Exercise simulating virus outbreak in Scotland warned of 'clear gap' in preparedness

Telegraph reporters
An exercise simulating an outbreak of coronavirus in Scotland noted a "clear gap" in the country's preparedness

An exercise simulating an outbreak of coronavirus in Scotland noted a "clear gap" in the country's preparedness, according to a report.

The exercise held in March 2018 simulated an outbreak of Middle East respiratory syndrome coronavirus (Mers-CoV) to assess NHS Scotland's readiness to respond to a suspected outbreak.

The Scottish Government said it published the report this week "given understandable interest in activity around preparedness or planning for infectious disease outbreaks".

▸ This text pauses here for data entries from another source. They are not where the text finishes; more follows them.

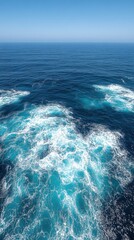 Stunning aerial view of ocean waves crashing, creating a mesmerizing turquoise and white pattern. Perfect for travel, nature, or serenity themes.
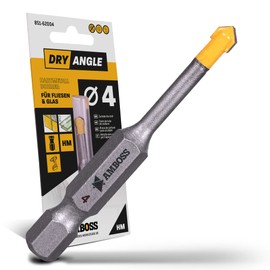 Anvil DryAngle Diameter 4 mm Tile Drill, Glass Drill, Ceramic Drill, Hexagonal Shank for Drills, Glass / Wall Tiles, Roof Tiles, Ceramic Drilling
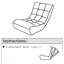 Grey Reclining Chair, Multifunctional For Leisure Time - Metal Frame Ergonomic Seat Provides Support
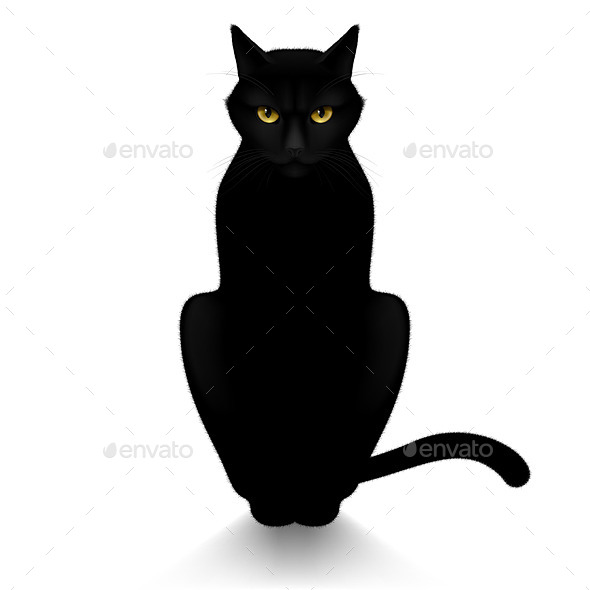 GraphicRiver Black Cat 11441982 GraphicRiver Black Cat 11441982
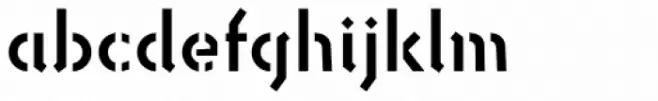 Dina Stencil Bold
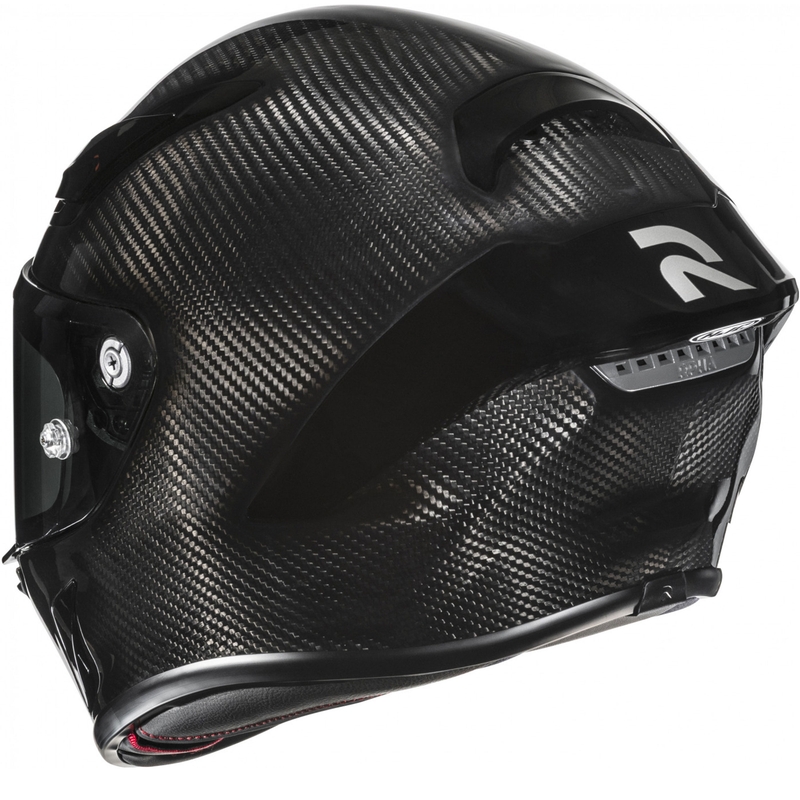 Casque moto intégral HJC RPHA 1 V2 CARBON Noir uni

Mers, first identified in the Middle East in 2012, is a rare but severe respiratory illness which can start with a fever and cough and can develop into pneumonia and breathing difficulties.

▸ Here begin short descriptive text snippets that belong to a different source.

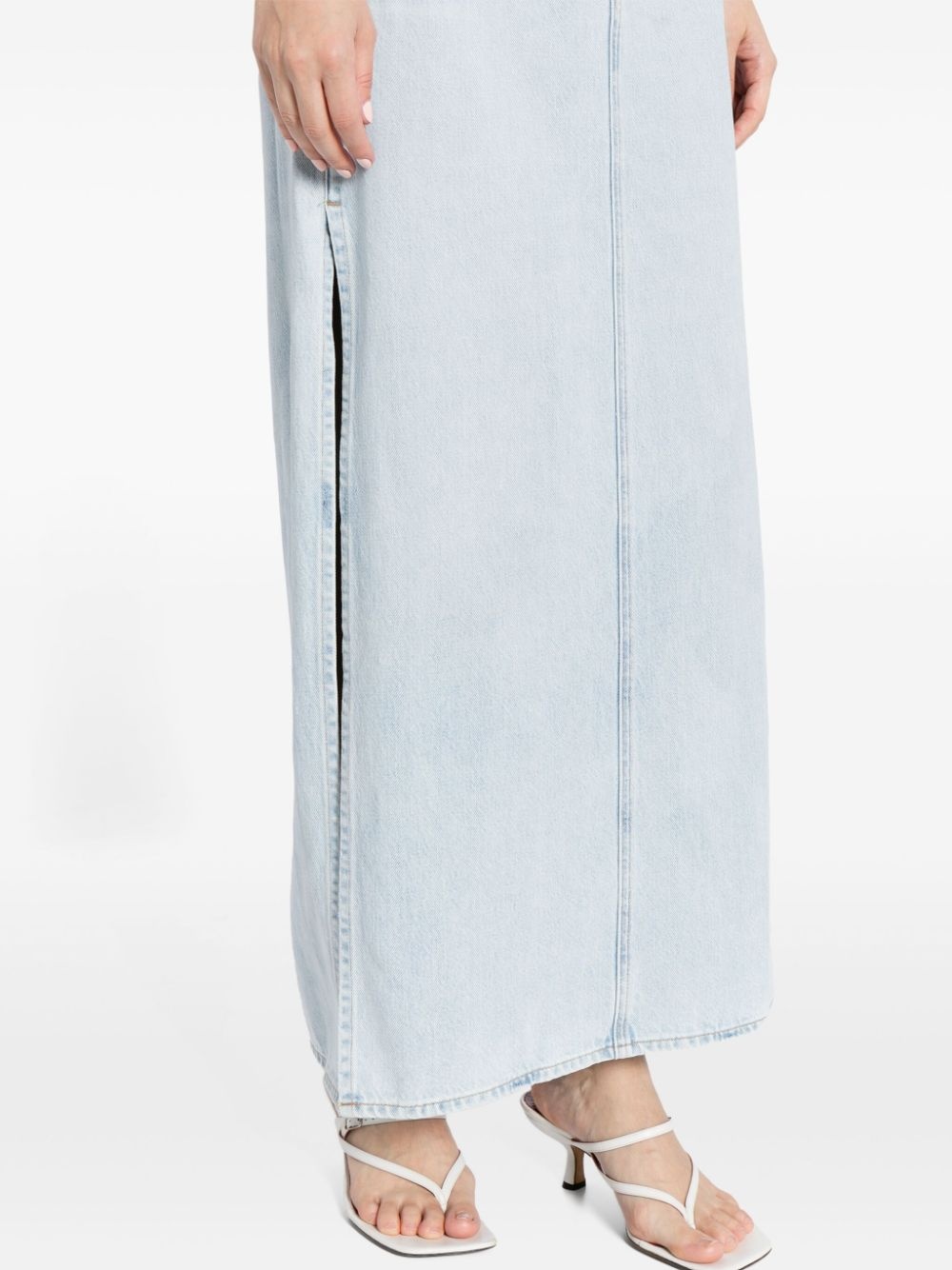 Astrid denim maxi skirt - 5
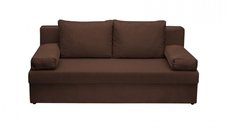 Canapea ANA extensibila, 3 locuri, cu lada depozitare, maro, 185x82x80 cm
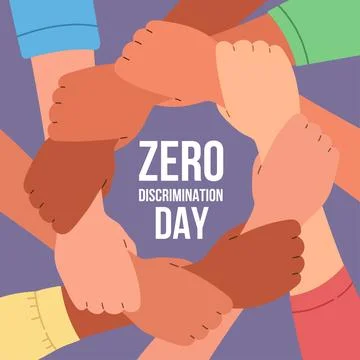 Zero Discrimination Day. March 1. Holiday concept. Template for background Stock Illustration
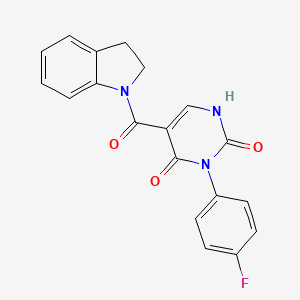 3-(4-fluorophenyl)-5-(indoline-1-carbonyl)pyrimidine-2,4(1H,3H)-dione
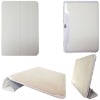 White Leather Adjunct for Samsung Galaxy Tab 8.9 P7300 P7310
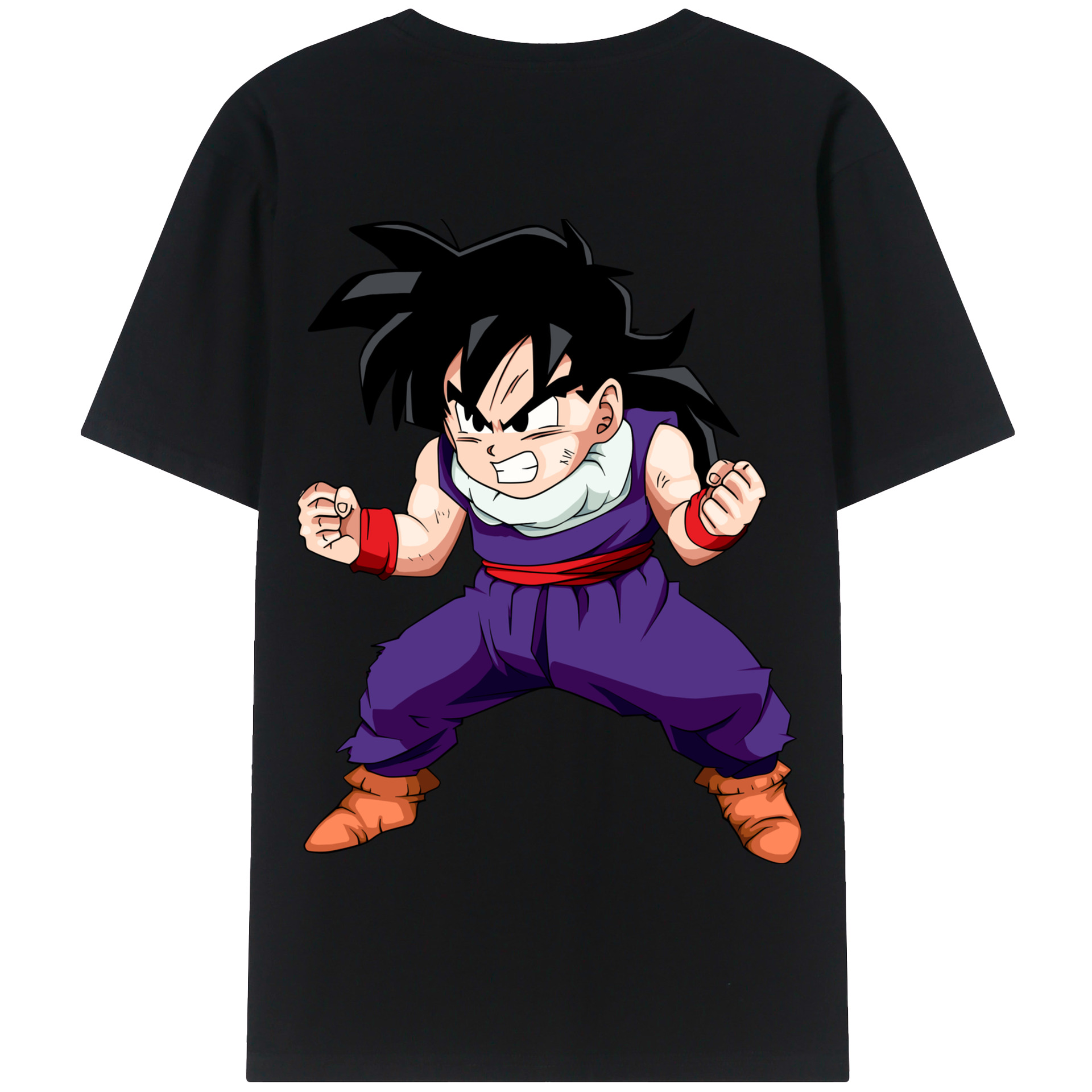 （画像用） ドラゴンボール 孫 悟飯（そんごはん）DRAGON BALL Son Gohan 綿100％半袖Tシャツ（背面プリント）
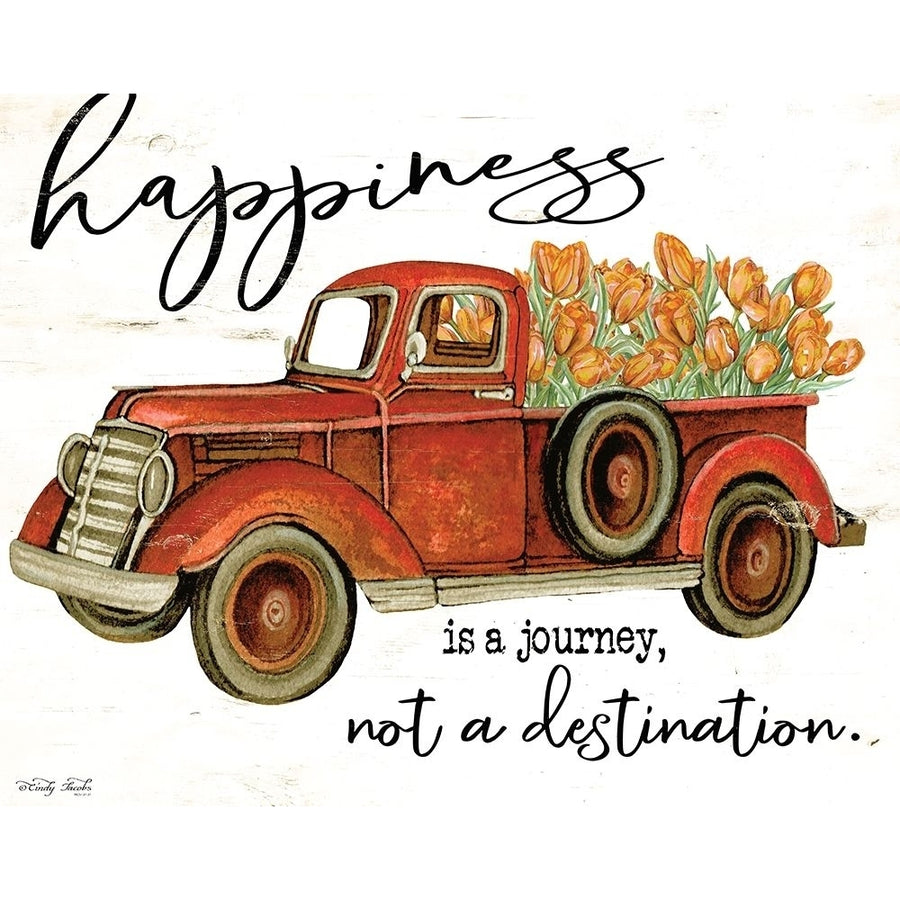 Happiness is a Journey Poster Print by Cindy Jacobs-VARPDXCIN1644 Image 1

The table-top exercise, known as Exercise Iris, was delivered by the Scottish Government and involved NHS Scotland boards, NHS 24, Health Protection Scotland and the Scottish Ambulance Service.

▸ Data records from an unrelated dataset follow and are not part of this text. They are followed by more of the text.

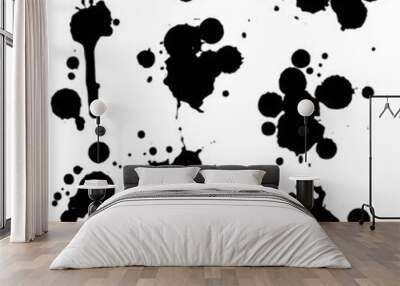 Paint Splatter 2 Wall mural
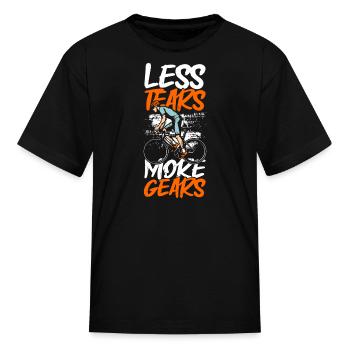 Bike E-Bike Bicycles Bike Race - Kid's T-Shirt - black - Front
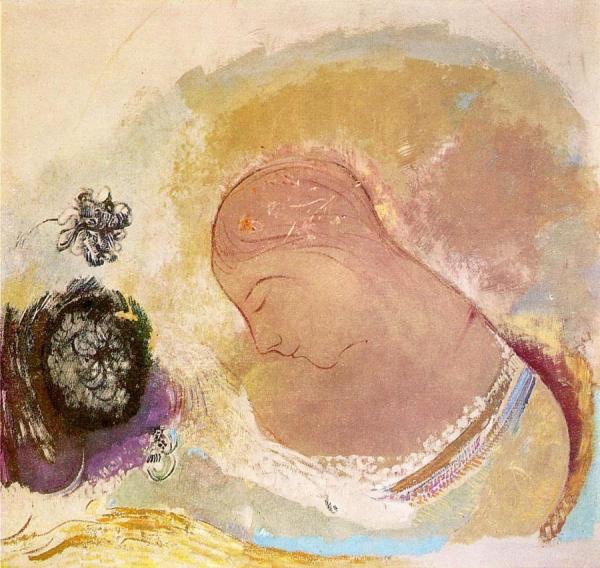 Ophelia by Odilon Redon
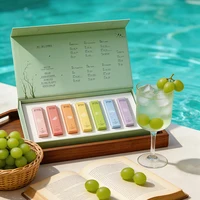 Coffret Cadeau de Parfums Miniatures Niche Frais et Fruité 7*5ml Longue Durée Pêche Coco Originales Haute Qualité pour Femme 4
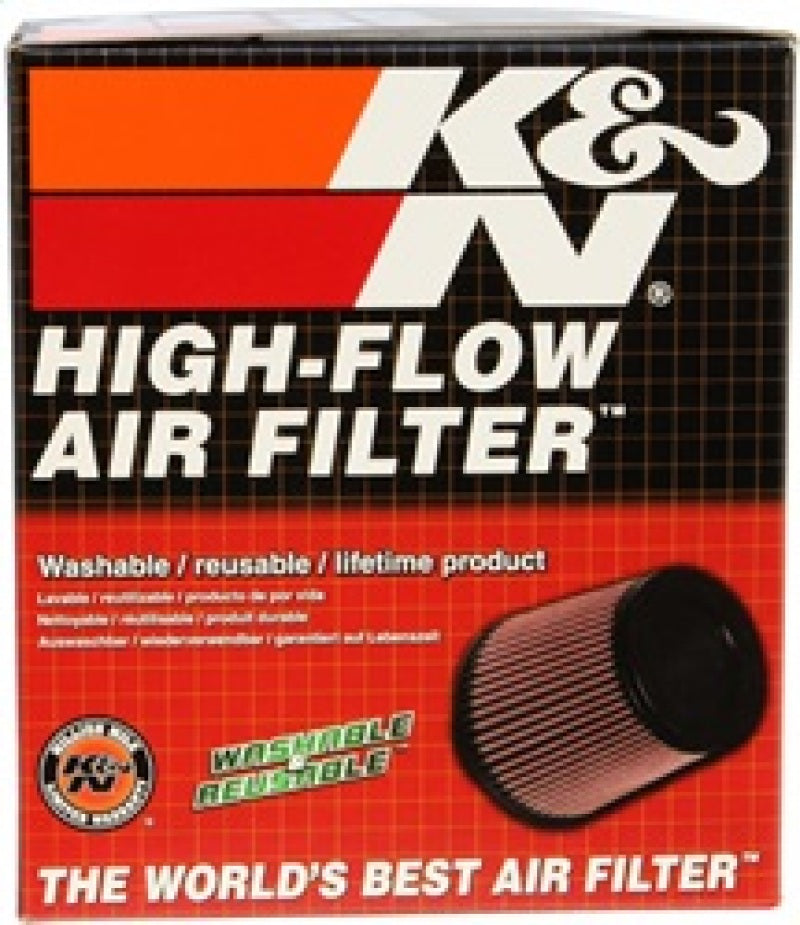 K&N Filter Universal Rubber Filter 2.5 inch Flange 5.25 inch Base 5.75 inch Height - RU-5005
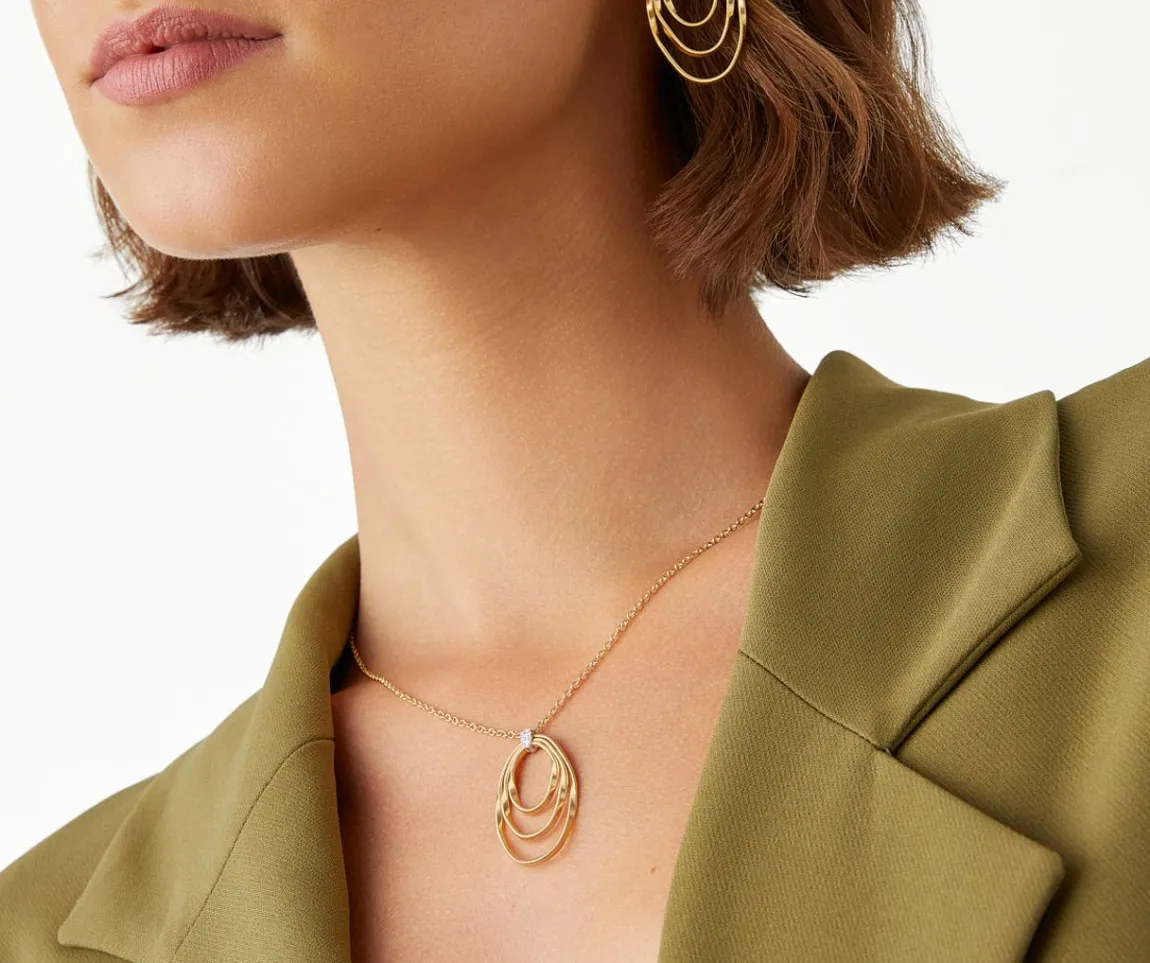 Marco Bicego Necklaces|Pendant Necklace With Diamond Elements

Held at a hotel in Stirling, the exercise simulated three different scenarios in an outbreak.

CargoLogicAir flight CLU 5694 lands at Prestwick Airport on Monday this week with a consignment of NHS medical supplies and PPE from China - PA

The report said it was recognised the availability and use of personal protective equipment (PPE) would be a "key consideration in the early stages of the outbreak".

It said the profile of PPE within the day's discussion "underlined the need for substantive progress on PPE use within Scotland".

The report concluded: "Amongst frontline staff there is unease at the lack of clarity on PPE availability, training and testing.

"This is a clear gap in Scotland's preparedness for MERS-CoV and other outbreaks and needs to be addressed as soon as possible."

One of the scenarios featured "escalating resource requirements for contact tracing and follow up".

It said: "Board plans will need to have considered this in detail and - as in the previous discussion - national coordination may be required to organise surge capacity and mutual aid."

The report also said: "In the event of a large scale crisis, Boards will appreciate strong, national coordination and clear guidance.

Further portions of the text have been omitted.